Marking quite a radical departure from its primary car-pooling business, BlaBlaCar, the world’s renowned long-distance ridesharing community, has recently announced a surprise offer of acquiring Ouibus, a French intercity bus service provider. Reportedly, the negotiators are still working on the deal, and nothing has been finalized yet.
According to the sources familiar with the matter, this is for the first time that BlaBlaCar is planning to move beyond carpooling, as the new acquisition is expected to help it offer both intercity car and bus rides.
If reports are to be believed, BlaBlaCar has already being running a trial test with Ouibus for the last half a year on popular corridors. As French state railways & bus operator SNCF (parent company of Ouibus) is more than willing to let BlaBlaCar run its subsidiary from on, it is pretty clear that both the companies seem happy with the test results.
In an attempt to extend its mobility services, BlaBlaCar has also announced a EUR 101 million (USD 114 million) investment from the SNCF and other existing BlaBlaCar investors. It further claims that the French startup till now has successfully built a long-distance car-pooling community of more than 65 million members in over 22 countries. The startup now is clearly a marketplace for road travel and has moreover helped over 50 million worldwide passengers to transport, while registering a y-o-y growth of 40%.

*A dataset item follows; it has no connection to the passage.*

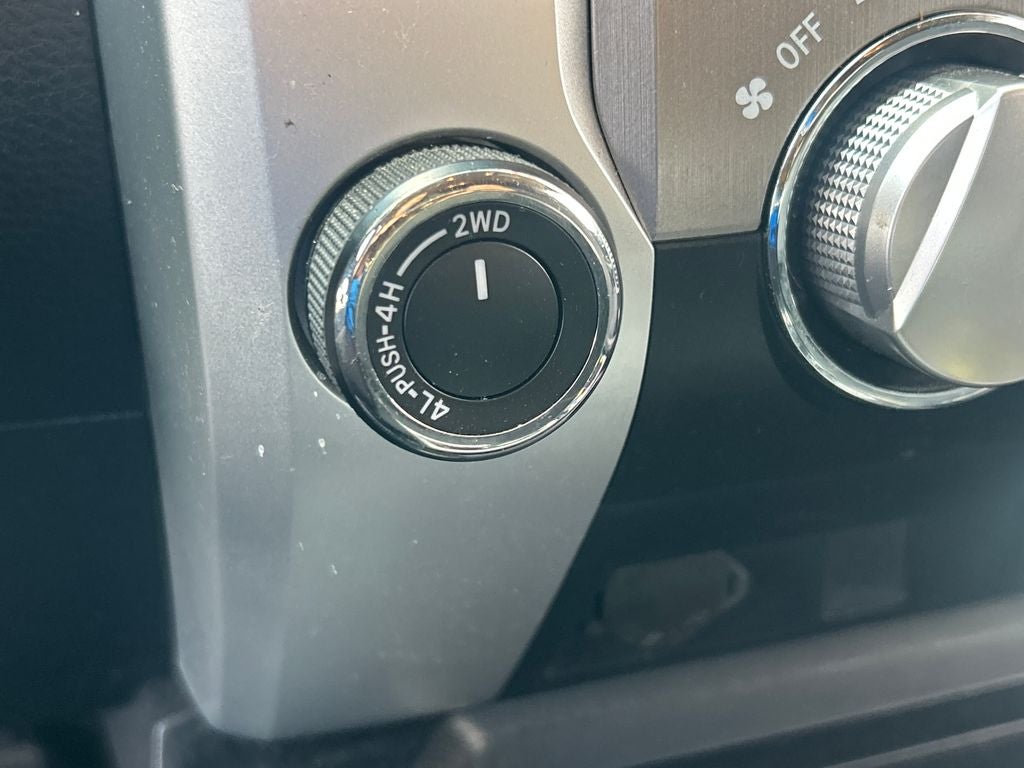 2017 Toyota Tundra SR5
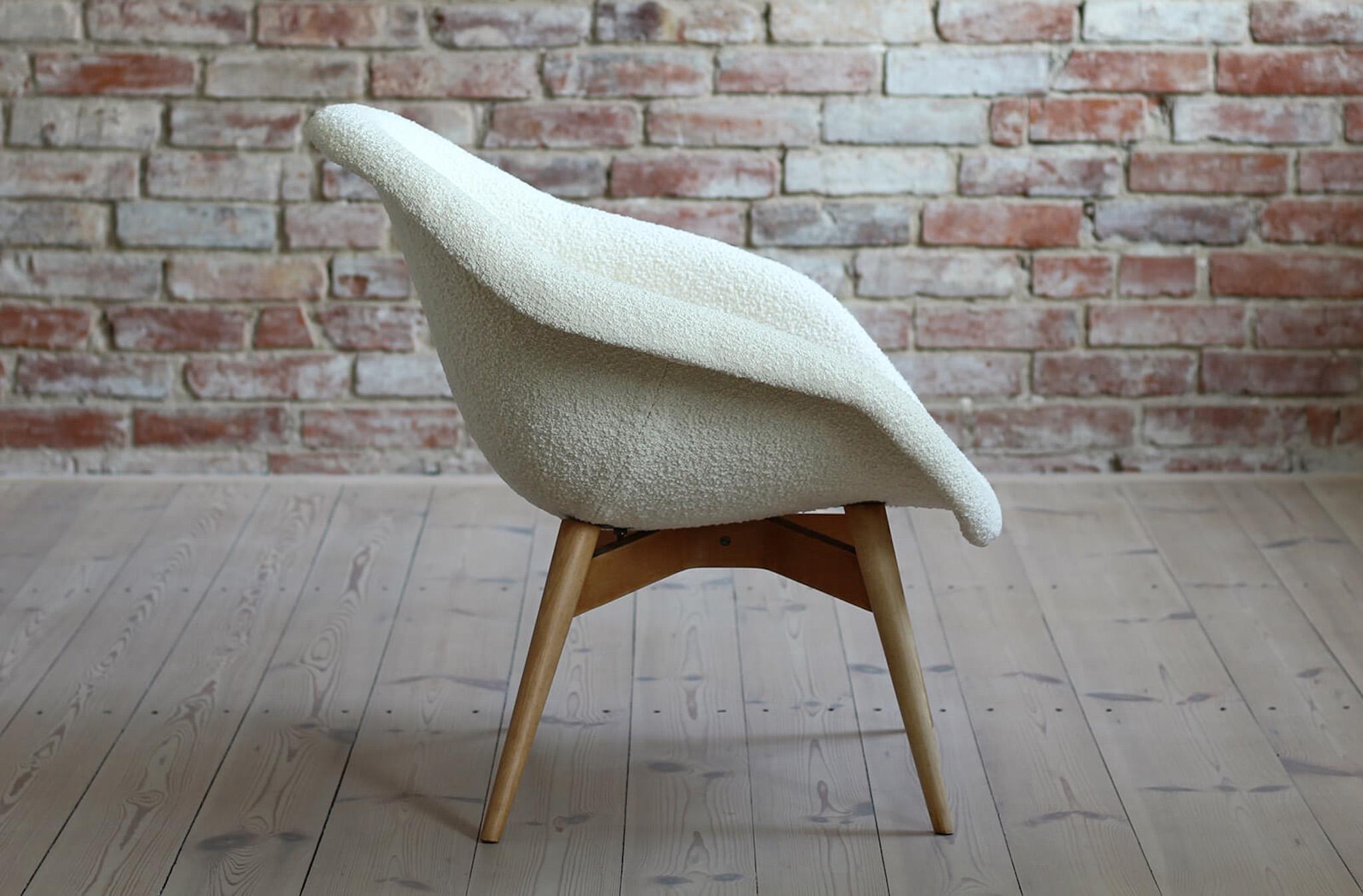 Mid Century Modern Lounge Chair by M. Navrátil, 1950s, French Boucle Fabric For Sale 2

If industry experts are to be believed, BlaBlaCar is taking a calculated risk with the acquisition, as Ouibus, in the recent years has been relentlessly losing money. Similar to other major bus companies, Ouibus also used to rely mainly on contractors, which signifies that BlaBlaCar could quickly adjust the offering. The proceeds are also said to depend on product integrations of SNCF, BlaBlaCar, and other platforms.
In the coming months, the users can find ride sharing offers on OUI.sncf.